— Task goal —
Starting at the line that contains "Boy Carrying A Child 1427430", restate every line word for word through the end of the entries.

— The data —

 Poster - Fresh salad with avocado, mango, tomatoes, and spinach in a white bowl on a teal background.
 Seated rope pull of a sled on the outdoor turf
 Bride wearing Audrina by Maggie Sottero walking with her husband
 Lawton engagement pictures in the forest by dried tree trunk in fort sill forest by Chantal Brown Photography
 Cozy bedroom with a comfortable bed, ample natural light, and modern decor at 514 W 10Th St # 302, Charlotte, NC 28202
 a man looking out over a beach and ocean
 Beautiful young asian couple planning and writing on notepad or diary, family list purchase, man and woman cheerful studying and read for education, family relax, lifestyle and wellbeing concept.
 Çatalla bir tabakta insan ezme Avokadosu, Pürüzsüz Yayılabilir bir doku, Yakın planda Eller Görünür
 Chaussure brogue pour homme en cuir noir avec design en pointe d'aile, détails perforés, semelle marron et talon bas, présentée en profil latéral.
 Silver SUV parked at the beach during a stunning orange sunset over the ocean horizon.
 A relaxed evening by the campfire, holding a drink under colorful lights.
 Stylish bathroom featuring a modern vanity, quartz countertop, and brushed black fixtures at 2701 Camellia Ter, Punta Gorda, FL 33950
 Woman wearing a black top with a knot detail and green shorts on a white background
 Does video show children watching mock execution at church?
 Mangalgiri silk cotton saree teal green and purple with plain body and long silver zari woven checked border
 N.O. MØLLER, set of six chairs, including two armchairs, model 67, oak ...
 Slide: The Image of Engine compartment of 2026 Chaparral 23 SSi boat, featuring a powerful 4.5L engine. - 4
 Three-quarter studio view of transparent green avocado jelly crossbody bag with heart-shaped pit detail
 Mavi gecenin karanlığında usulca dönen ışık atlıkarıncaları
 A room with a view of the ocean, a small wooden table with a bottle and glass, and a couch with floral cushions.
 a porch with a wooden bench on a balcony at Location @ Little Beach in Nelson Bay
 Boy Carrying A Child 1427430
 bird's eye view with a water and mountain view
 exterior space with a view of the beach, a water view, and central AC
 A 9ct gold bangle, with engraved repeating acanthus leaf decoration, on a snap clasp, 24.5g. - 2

— Answer to the exercise —
 Boy Carrying A Child 1427430
 bird's eye view with a water and mountain view
 exterior space with a view of the beach, a water view, and central AC
 A 9ct gold bangle, with engraved repeating acanthus leaf decoration, on a snap clasp, 24.5g. - 2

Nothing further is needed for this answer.